Students Delonte Martistee And Ryan Austin Calhoun Charged In Sexual Attack On Florida Beach

I have seen more and more reports of this type of criminal behavior happening during Spring Break especially at Florida destinations. It is no longer just some kids out to drink some beer and enjoy the sun and surf. It is becoming wall to wall Thugs. Parents of college aged girls, do not allow this to happen to your daughters.


----------



## Camel923 (Aug 13, 2014)

Not just spring break. Young women need to think. Do not accept a drink from an open container or that was poured for you. Stick with friends and do not allow your self to be separated. Keep your wits about you. These apply anywhere, anytime. There are always evil bastards that will kill, rape and or rob you. The second amendment is for your safety. Use it. This is some advise I have given my own daughter.


----------



## Arklatex (May 24, 2014)

Sign them up for woman's self defense and defensive firearms training. Buy them a gun and make sure she is Annie Oakley good with it. Then let them go out and enjoy their spring break. Sad what the country is becoming that parents even have to worry about this crap.

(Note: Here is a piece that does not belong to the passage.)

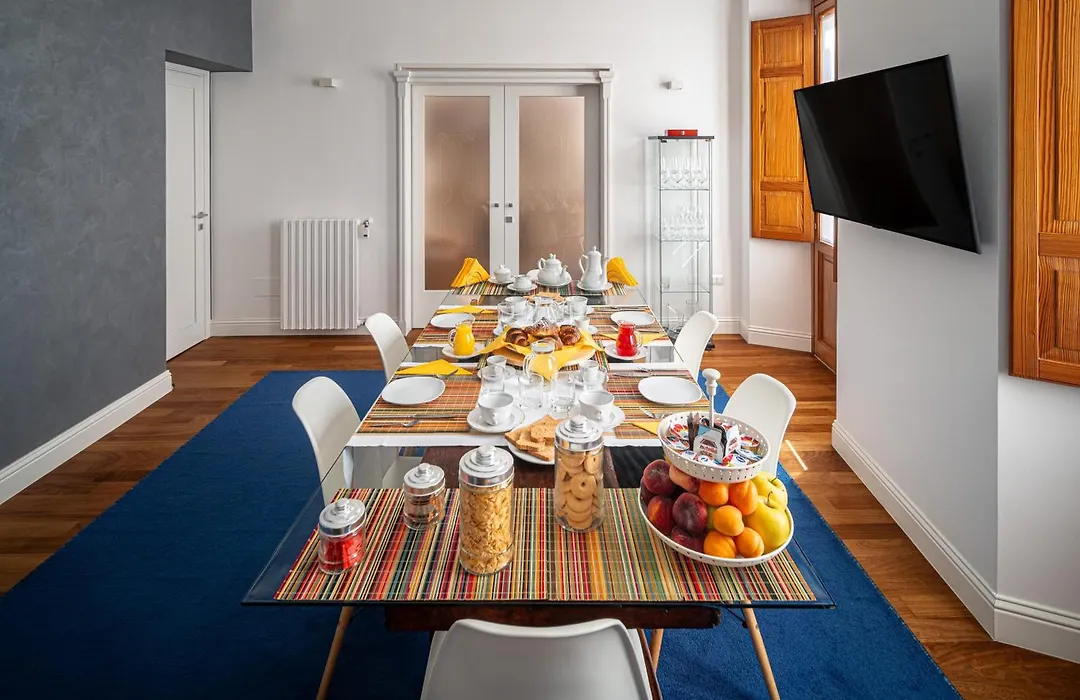 Marcus Suite-1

Side note. If your girl does go to spring break at the beach, do not under any circumstances watch "girls gone wild"!!! EVER!


----------



## csi-tech (Apr 13, 2013)

You would think that the disappearance and murder of Natalee Holloway at the hands of Joran Van der sloot would have been all of the convincing that trusting parents would have required. I understand the overwhelming feeling of freedom that young college students must feel when they are able to leave home and revel in the debauchery that is Spring Break. The alcohol, the sex, the sun, the drugs and the music. That is all fine and well for the privileged kids. That's why they are so often victimized. It is "Affluenza", remember that nonsense? Such people have zero street smarts. They believe that as the elite, they are veritably immune to such things. That's why they so often say "I never thought it could happen to us" and "How could such a thing ever happen to my baby?"

I trust other people as much as a fart when I have the flu. I never went to college because I didn't have the money or a wealthy benefactor. I went in the military and enjoyed spring break in Beirut, Lebanon. I guess you could technically call it a cruise. My boys both enlisted too (despite my offer to pay for college). People just live in very different worlds and have a very different world view. Some people wonder what happened to their baby and others wonder what their baby may have done to somebody that pissed them off.


----------



## Denton (Sep 18, 2012)

I am not at all surprised.

That same weekend, Wifey and I went down there to have a steak dinner at Angelos Steak Pit. Anyone who has been there knows it is worth the two hour drive to get there. As soon as we turned off hwy 79 onto back beach road, we realized we would not make it to Angelos before the next day. So, we turned off and went to Margaritaville for calamari and conch fritters. Heads up to those who like either; Margaritaville changed corporate hands and they no longer carry conch fritters. 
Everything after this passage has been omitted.